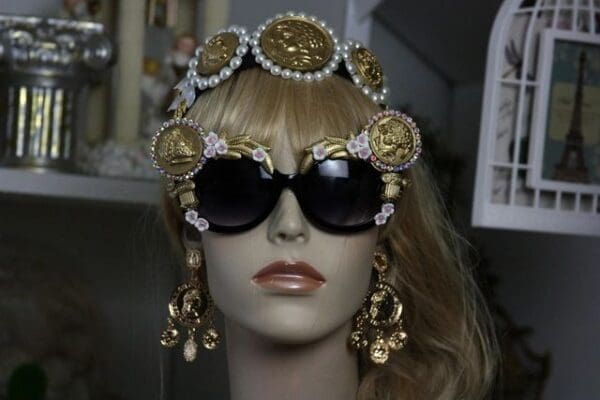 SOLD11428 Baroque Roman Coin Leaf Embellished Sunglasses - Image 2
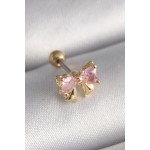 316L Çelik Gold Renk Pembe Zirkon Taşlı Fiyonk Tragus Piercing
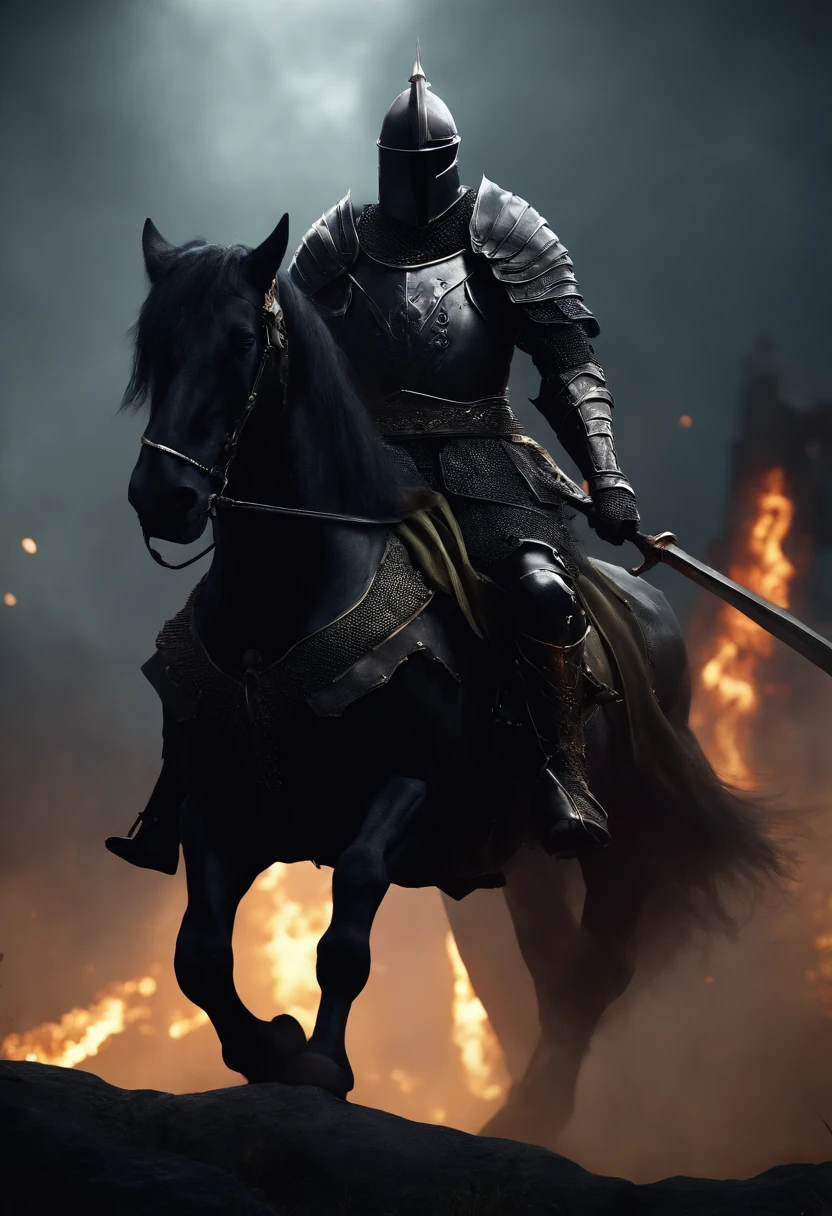 Black Knight, Strong males, Not fat, spiked armor, skull helmet, Large pauldrons, dark horror, Overlooking the battlefield, giant sword, Cinematic, Fine details, 8K, (dark shot:0.7), Subsurface scattering, (Ambient lighting:1.3), (art  stations:1.3)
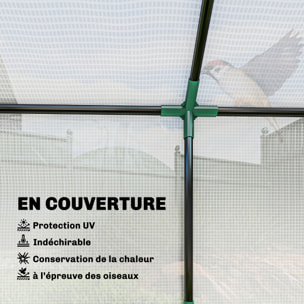 Mini serre de jardin serre à tomates 180 x 60 x 60 cm 3 fenêtres zippées enroulables acier thermolaqué PE haute densité blanc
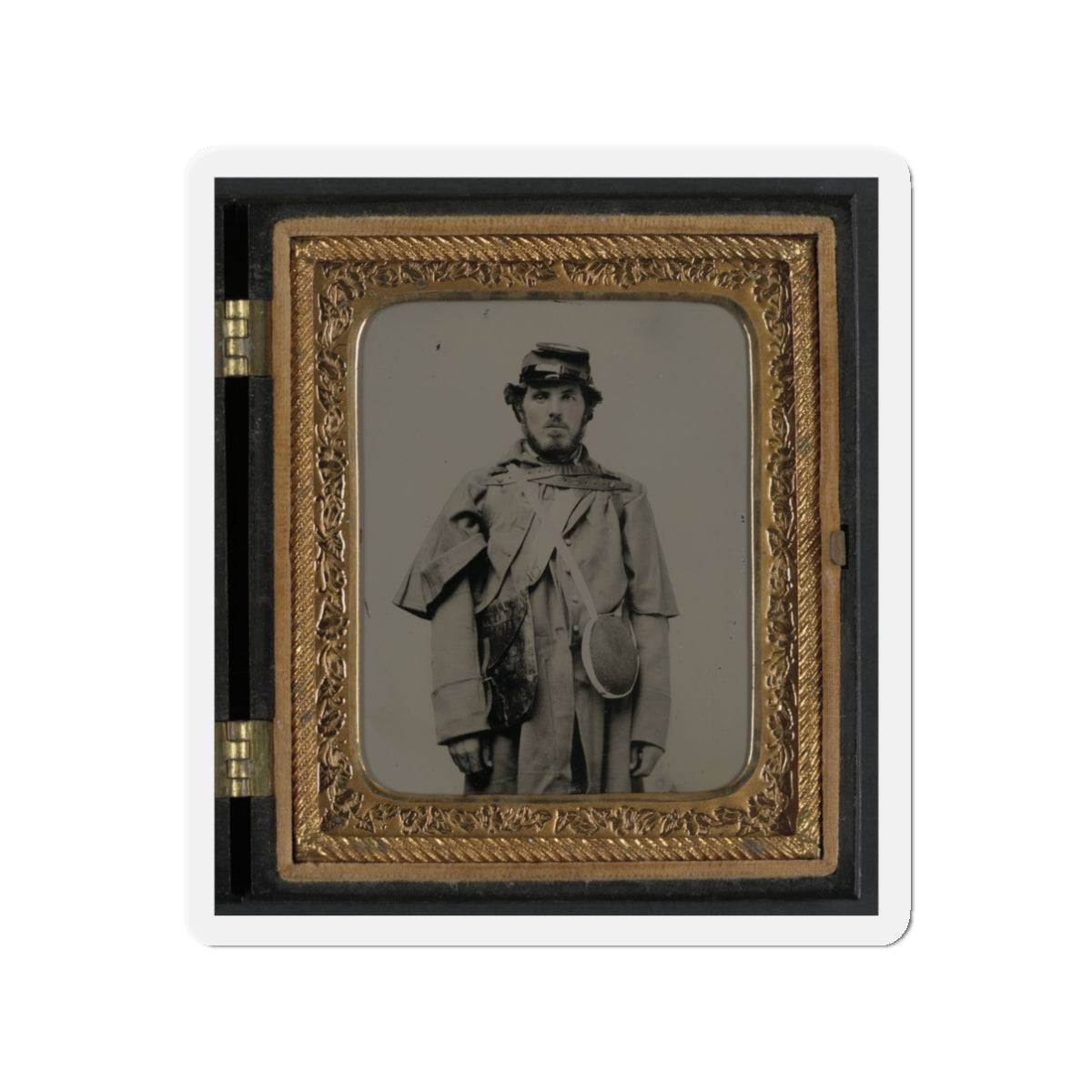 Unidentified Soldier In Union Uniform And Kepi With Canteen (U.S. Civil War) Refrigerator Magnet-3" x 3"-The Sticker Space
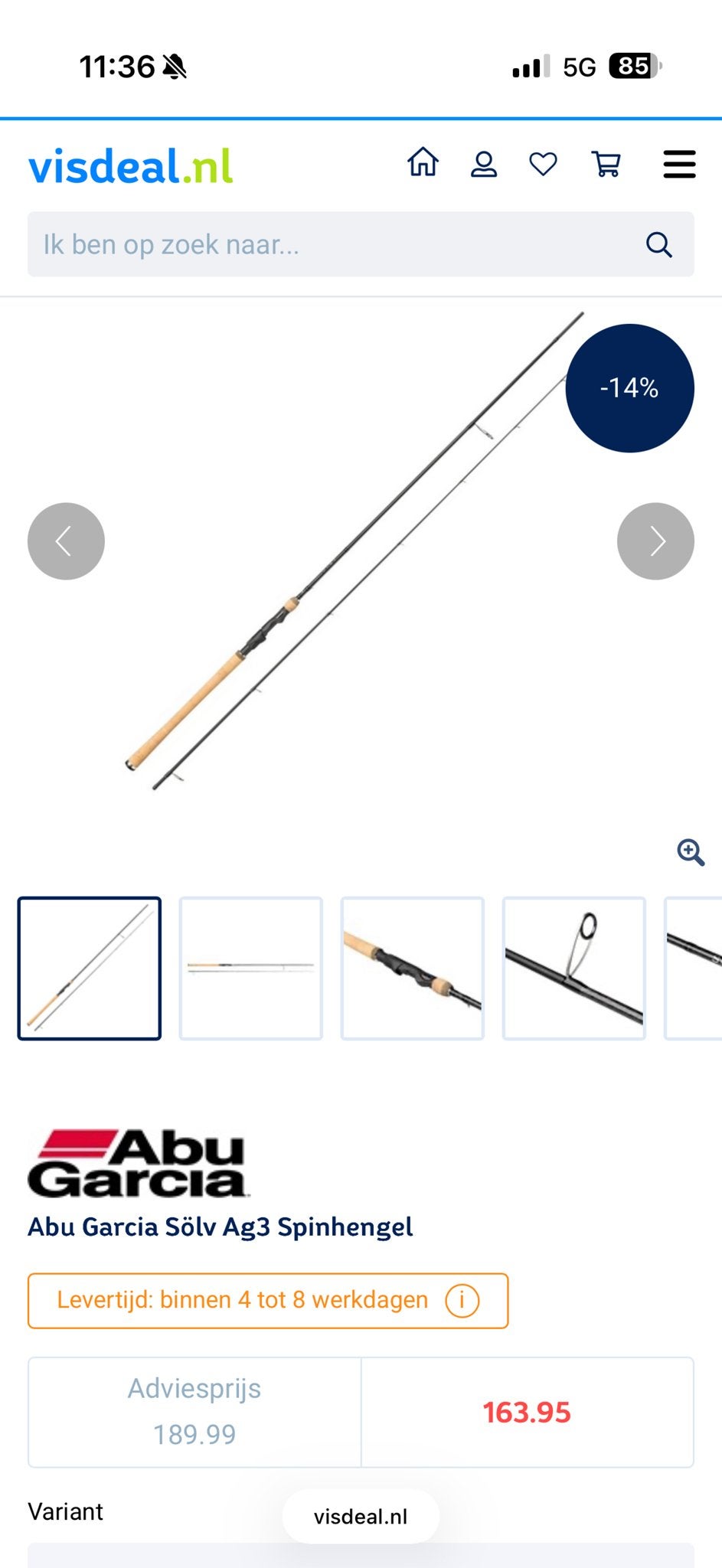 Abu Garcia Sölv AG 3 Werphengel Forel hengel met molen, Ophalen, Nieuw, Werphengel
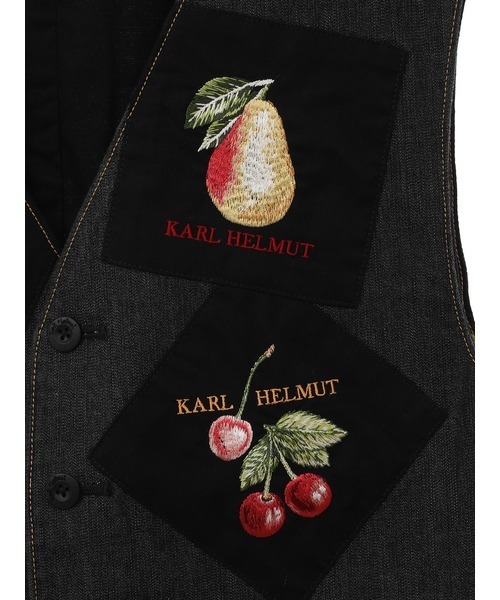 ✔️ KarlHelmut カールヘルム　リバースフルーツパーラー ネコ 刺繍 ジューシーフルーツ刺繍アップリケ使いシャツブラウス｜ピンク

■ EXERCISE AIM
Give back only the lines from the one that carries "Unidentified Soldier In" through the final line above, both included. Drop all pictures.

■ SOLUTION TO THE PROBLEM
 Unidentified Soldier In Union Uniform And Kepi With Canteen (U.S. Civil War) Refrigerator Magnet-3" x 3"-The Sticker Space
 Abu Garcia Sölv AG 3 Werphengel Forel hengel met molen, Ophalen, Nieuw, Werphengel
 ✔️ KarlHelmut カールヘルム　リバースフルーツパーラー ネコ 刺繍 ジューシーフルーツ刺繍アップリケ使いシャツブラウス｜ピンク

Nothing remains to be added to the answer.